No paper trail.
No midwife’s mark.
No certificate to prove the day.
Just Marlboro County fields,
tobacco barns breathing their smoke,
and the cry of the first of twelve —
a Black child under Jim Crow skies.
If he went to school, it was brief.
The rows of cotton and tobacco called louder.
He couldn’t read.
But he could live.
He could hustle.
And he would always say,
“I’d rather have common sense than book sense.”

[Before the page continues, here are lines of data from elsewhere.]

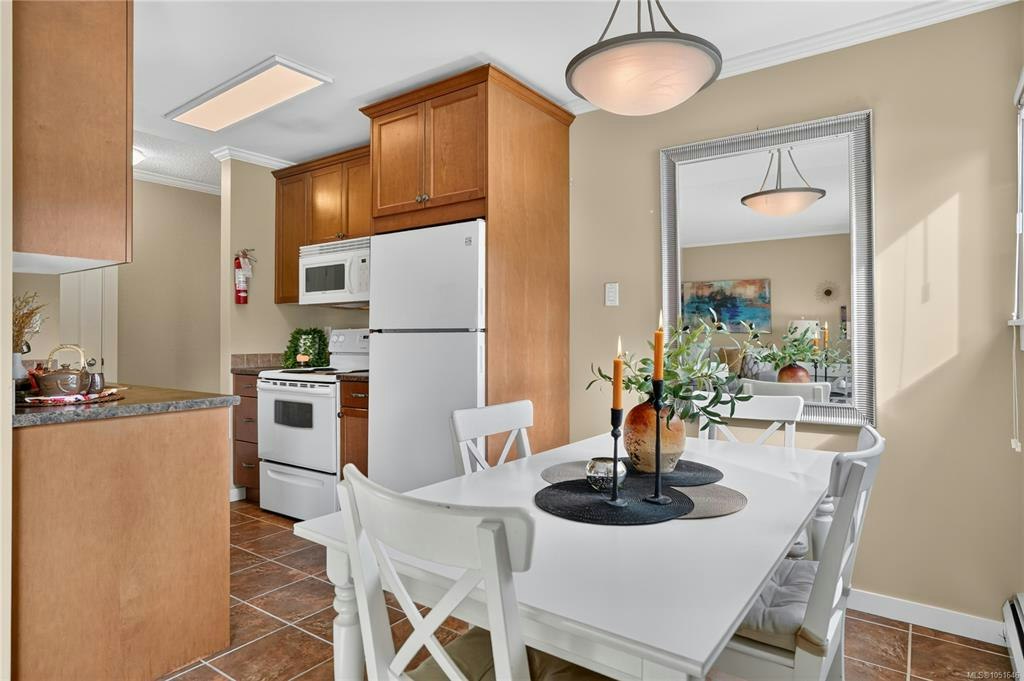 202-255 W Hirst Avenue, Parksville, BC, V9P 1P5 - 14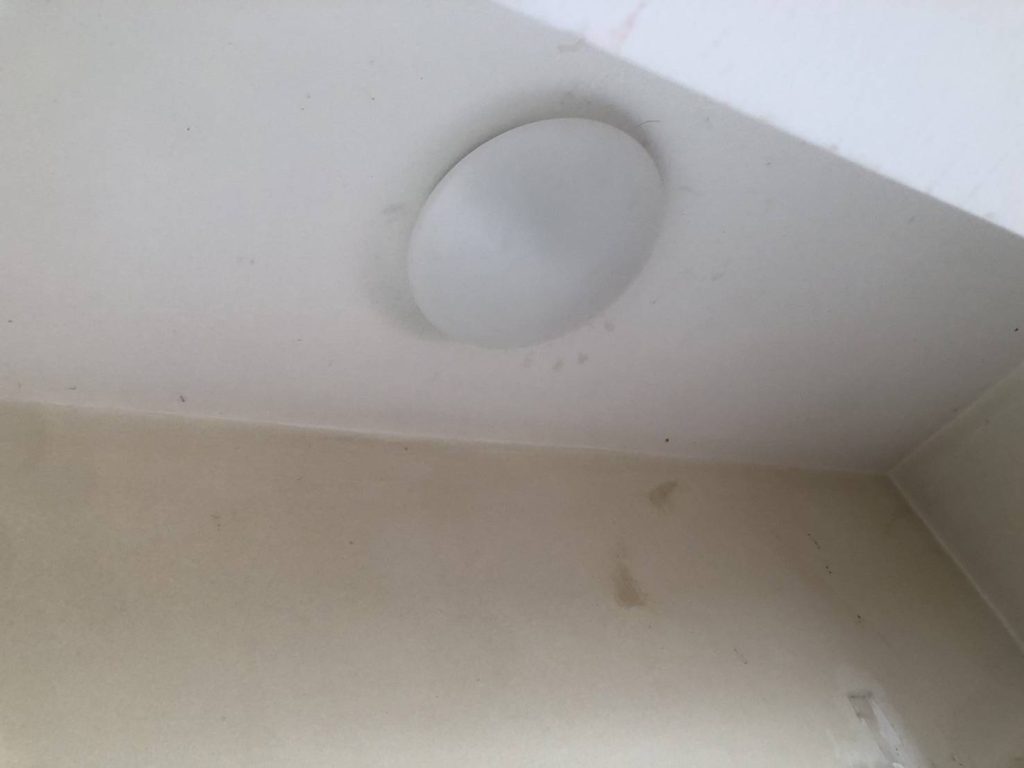 ติดตั้งไฟติดเพดาน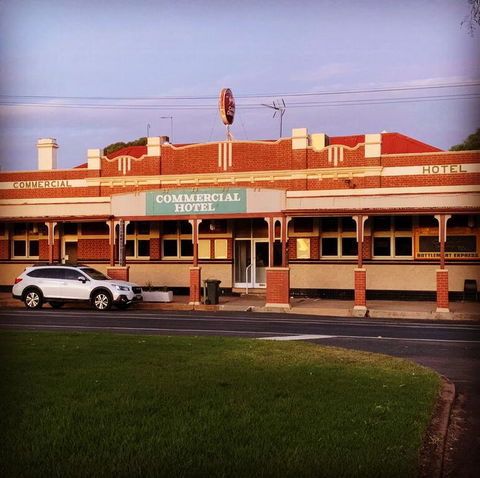 Commercial Hotel - Internet Find 3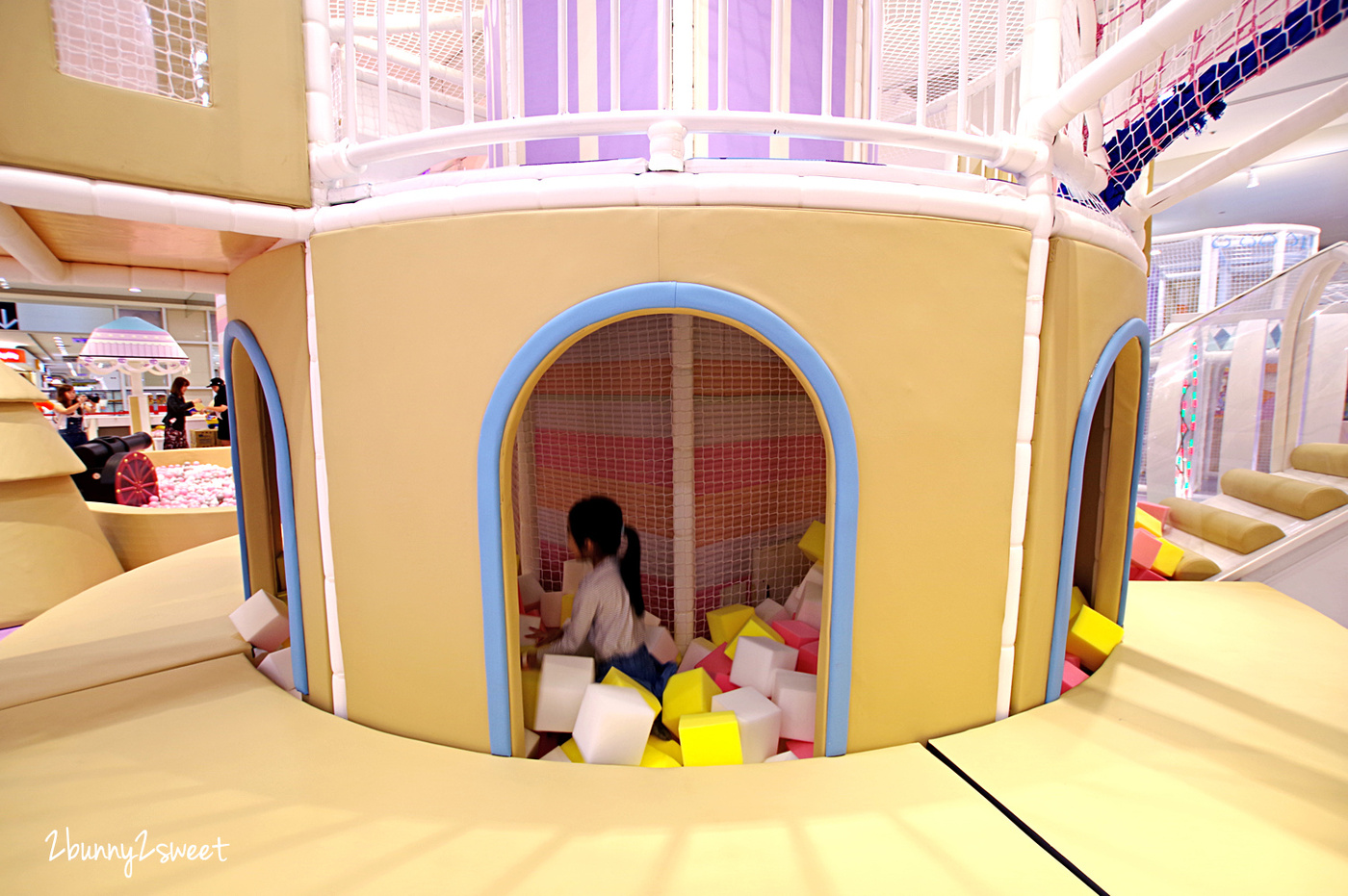 新北室內樂園》KID&#8217;s 建築樂園-夢想城體驗館 2019 全新改裝～馬卡龍色系夢幻場景 x 酷炫科技互動遊戲區～新北中和好拍又放電的親子樂園｜室內景點｜雨天景點 @兔兒毛毛姊妹花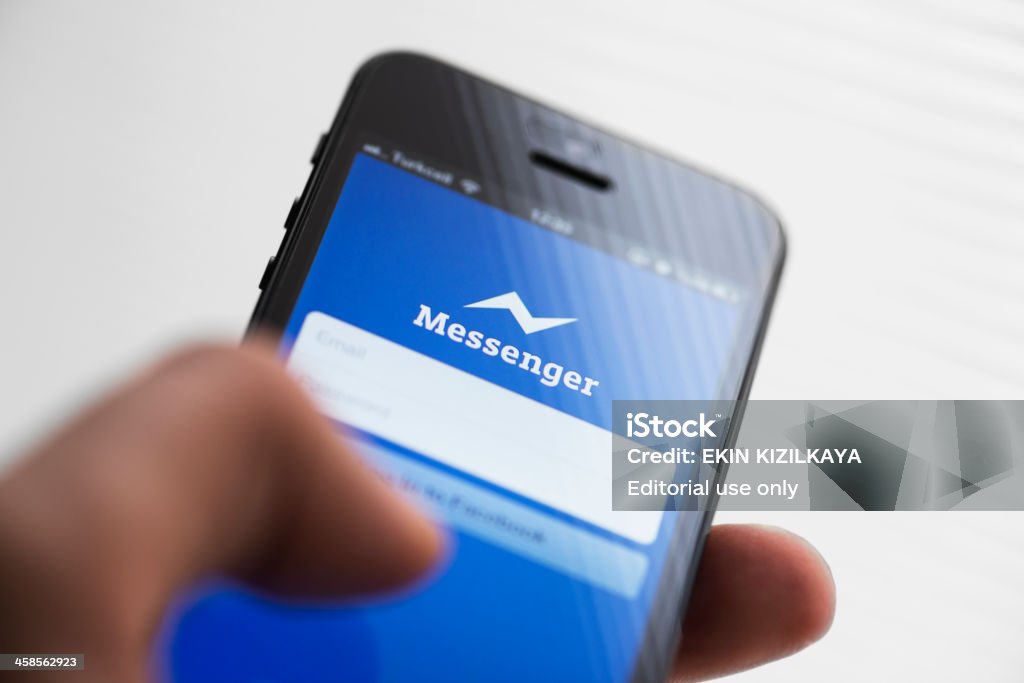 Facebook messenger 등의 앱을 Apple iPhone 5 - 로열티 프리 Apple Computers 스톡 사진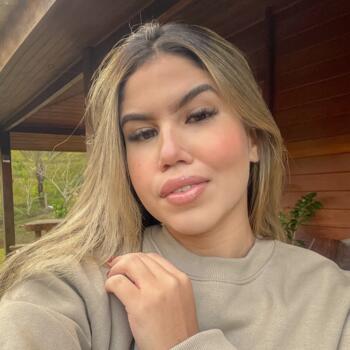 Babá Serra: Maythê Dias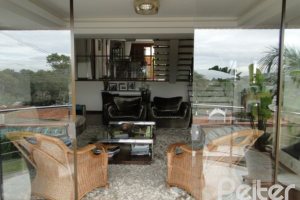 Casa à venda com 355m², 4 dormitórios, 4 suítes, 4 vagas, no bairro Vila Assunção em Porto Alegre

He joined the tide of the Great Migration.
South to North.
Carolina to Chicago.
He carried only work ethic and will,
and turned them into a life.
He built a Black middle-class life.
He raised his children in a place
where they could thrive.
He stood tall enough
that no white man dared call him boy.
Ninety years on earth.
Nine on the Ancestral Plain.
I see him still —
riding his mower,
cutting grass,
smiling,
because that rhythm
and because tending his land
was his peace.
It brought him joy. Black joy.
I wish he could read these words.
But my mother and sister are with him now,
reading aloud on the other side.
So he knows.
So he hears.
So he feels it.
His story lives on.
Through me.
Through us.
Through these words.
Happy 99th, Dad.
Your life is our lesson.
Your journey, our inheritance.
Your name carried in love —
from here,
to the Ancestral Plain.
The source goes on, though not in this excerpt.